▶ [Task] Take nothing but the lines from the one with "VAUDE TRAILSADDLE M" through the one with "School Zone (Ningiyau) Chapter 85 #9" in the entries below, both ends kept, and return them exactly with pictures left out.

▶ [Data to use]
# # #

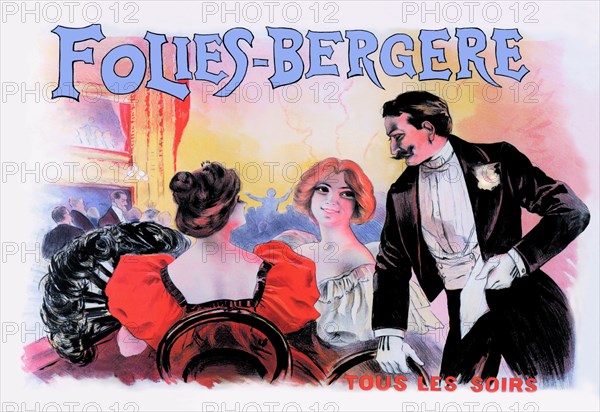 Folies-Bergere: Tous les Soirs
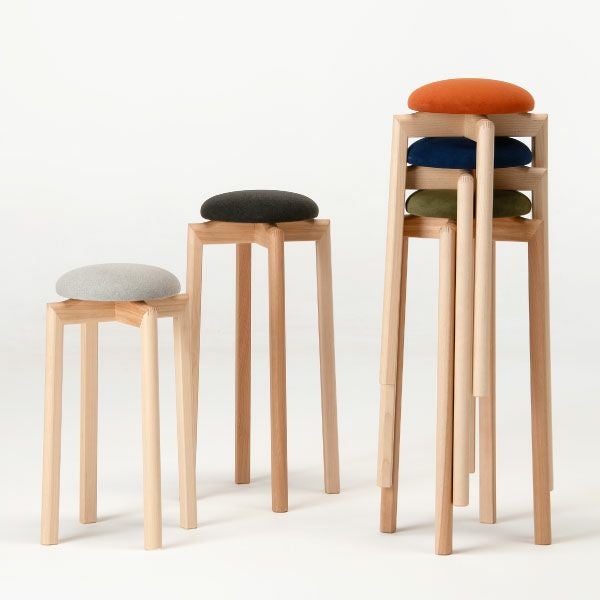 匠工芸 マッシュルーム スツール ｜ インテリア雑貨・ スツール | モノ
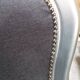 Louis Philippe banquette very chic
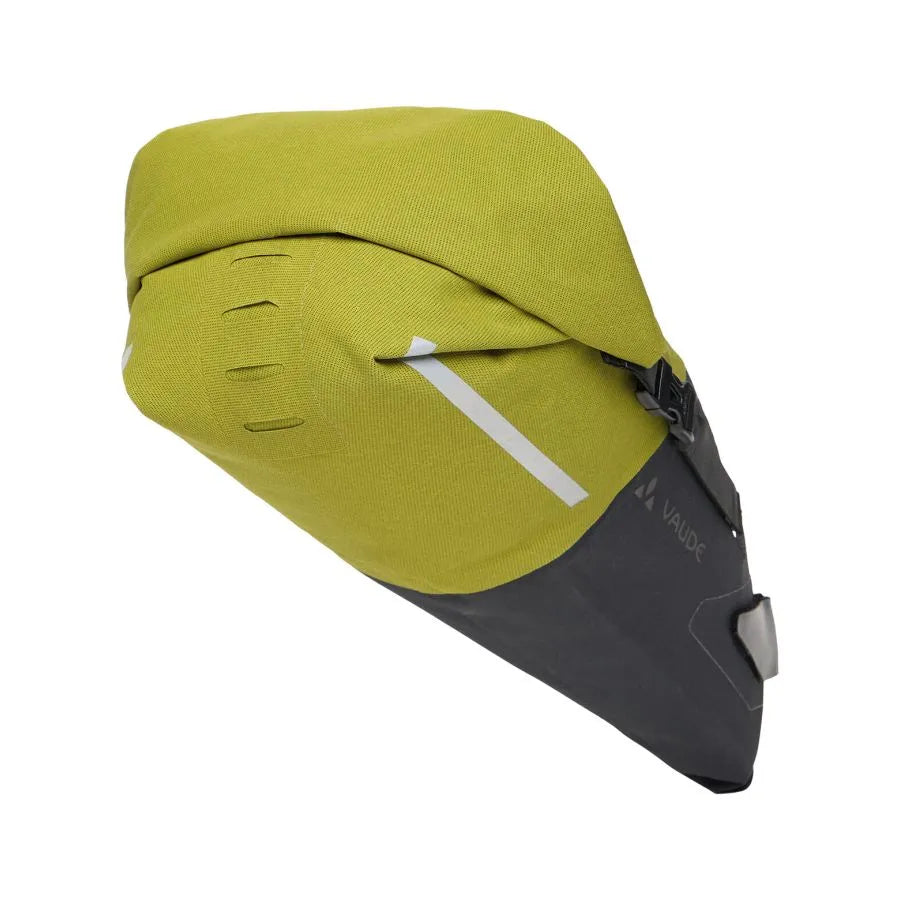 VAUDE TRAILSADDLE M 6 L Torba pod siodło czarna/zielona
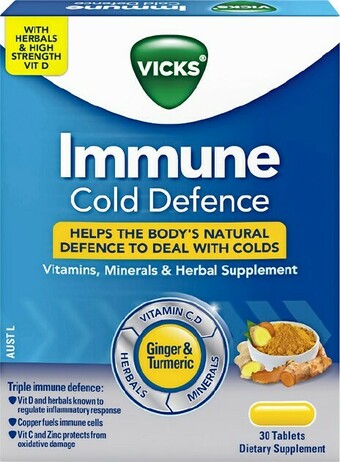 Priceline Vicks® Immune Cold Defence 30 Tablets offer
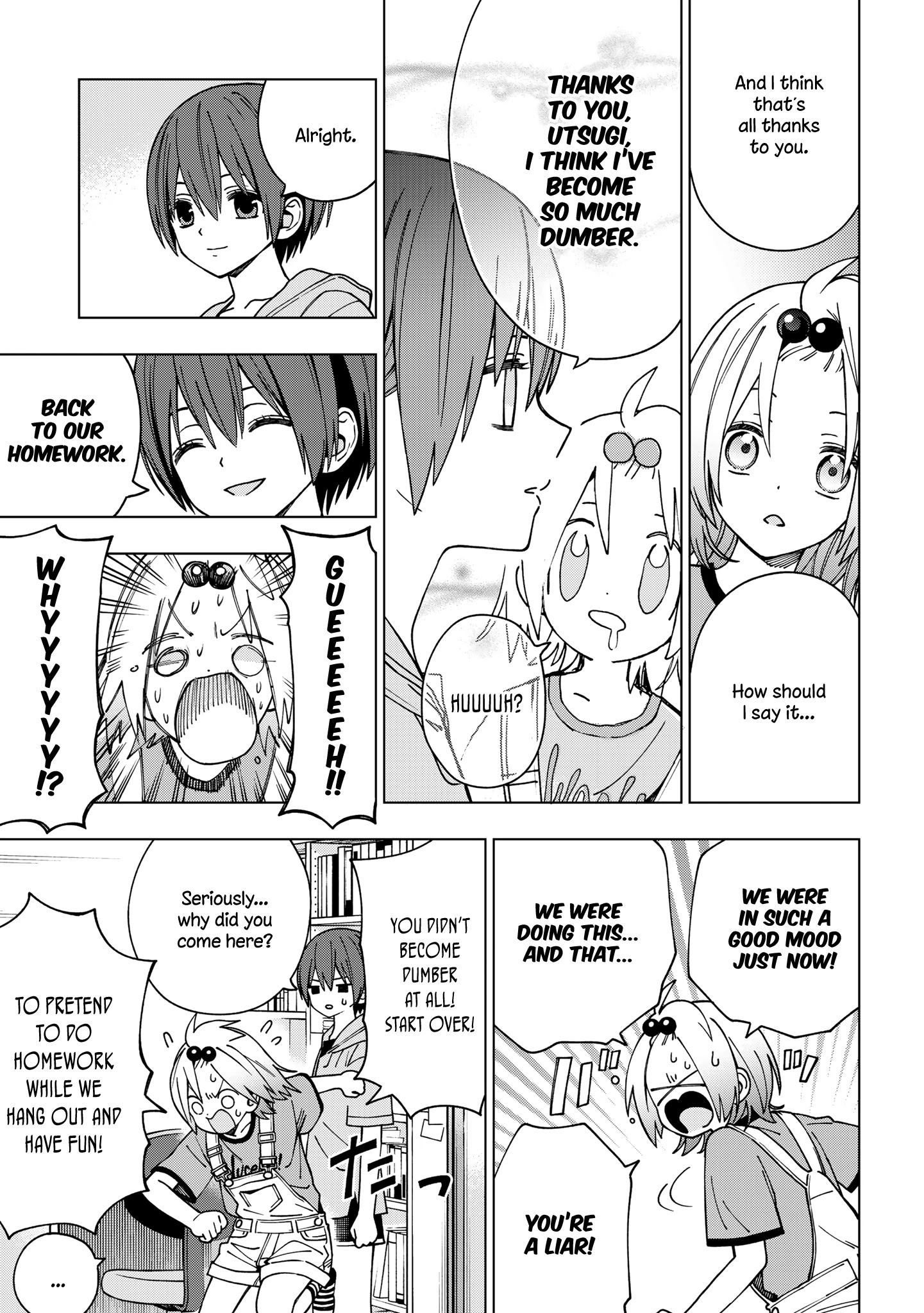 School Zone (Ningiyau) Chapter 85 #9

# # #

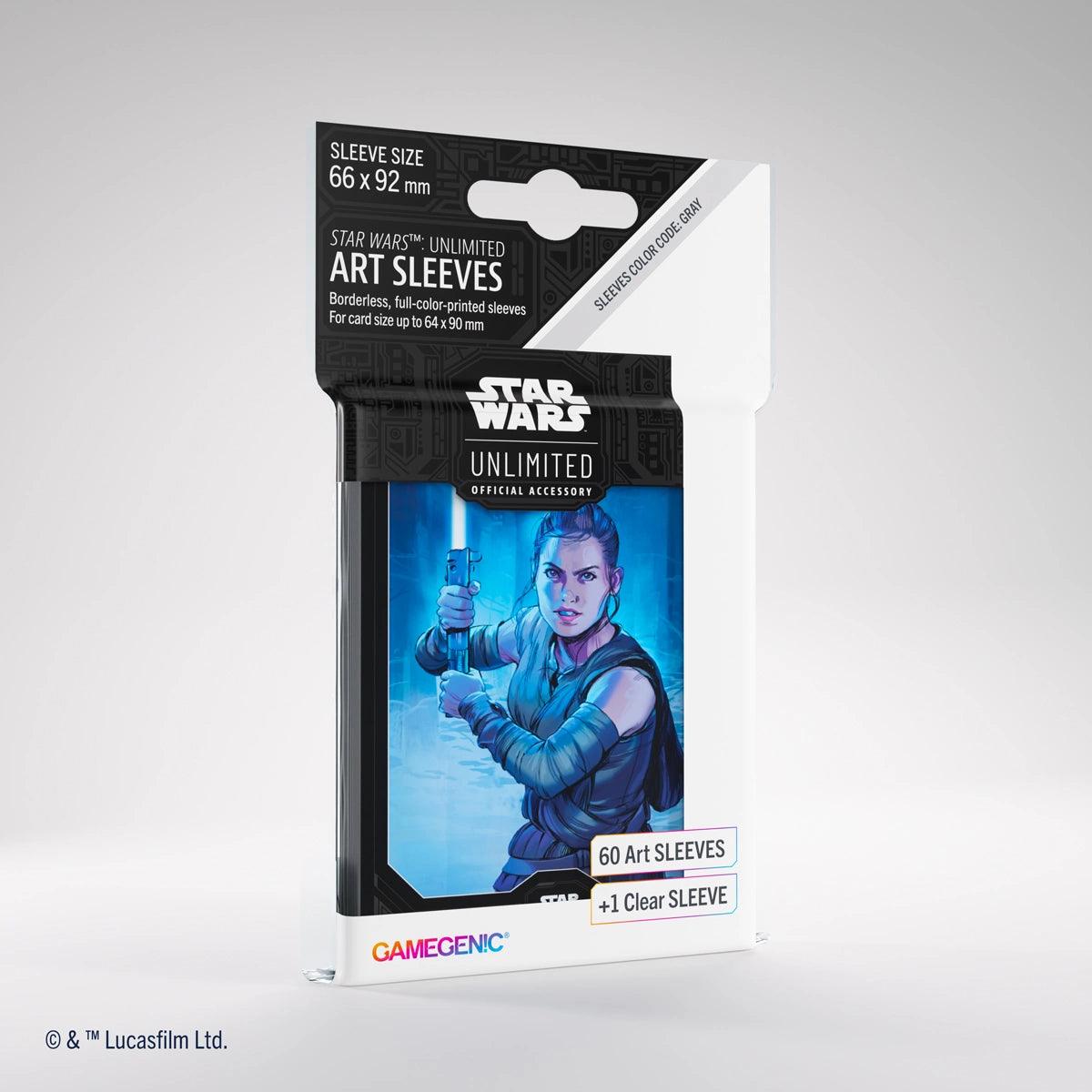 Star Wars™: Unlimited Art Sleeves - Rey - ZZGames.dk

# # #

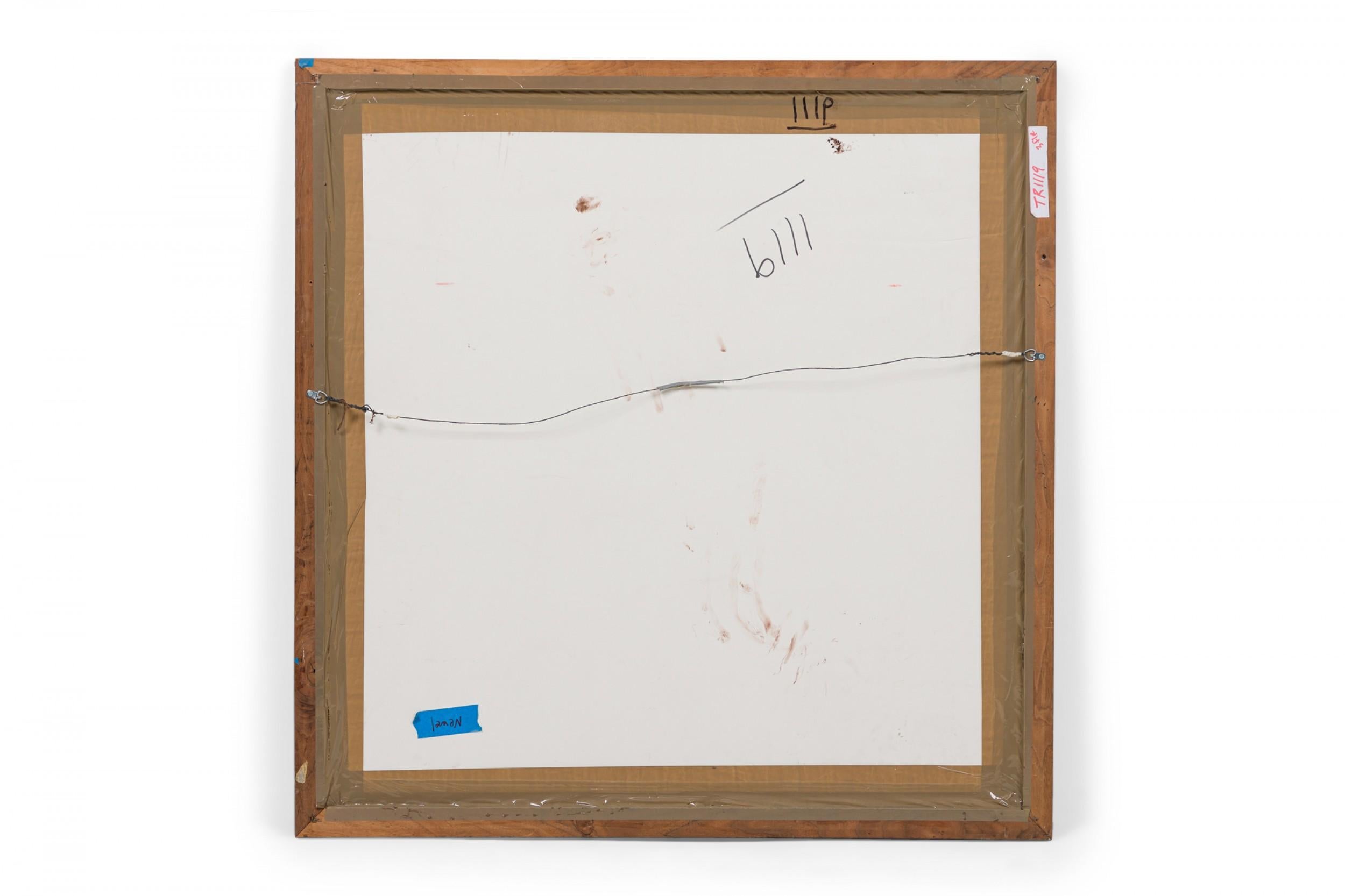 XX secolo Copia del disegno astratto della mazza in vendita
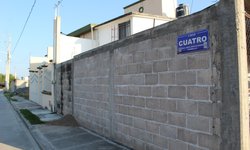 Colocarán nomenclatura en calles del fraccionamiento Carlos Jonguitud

# # #

▶ [Solved exercise]
 VAUDE TRAILSADDLE M 6 L Torba pod siodło czarna/zielona
 Priceline Vicks® Immune Cold Defence 30 Tablets offer
 School Zone (Ningiyau) Chapter 85 #9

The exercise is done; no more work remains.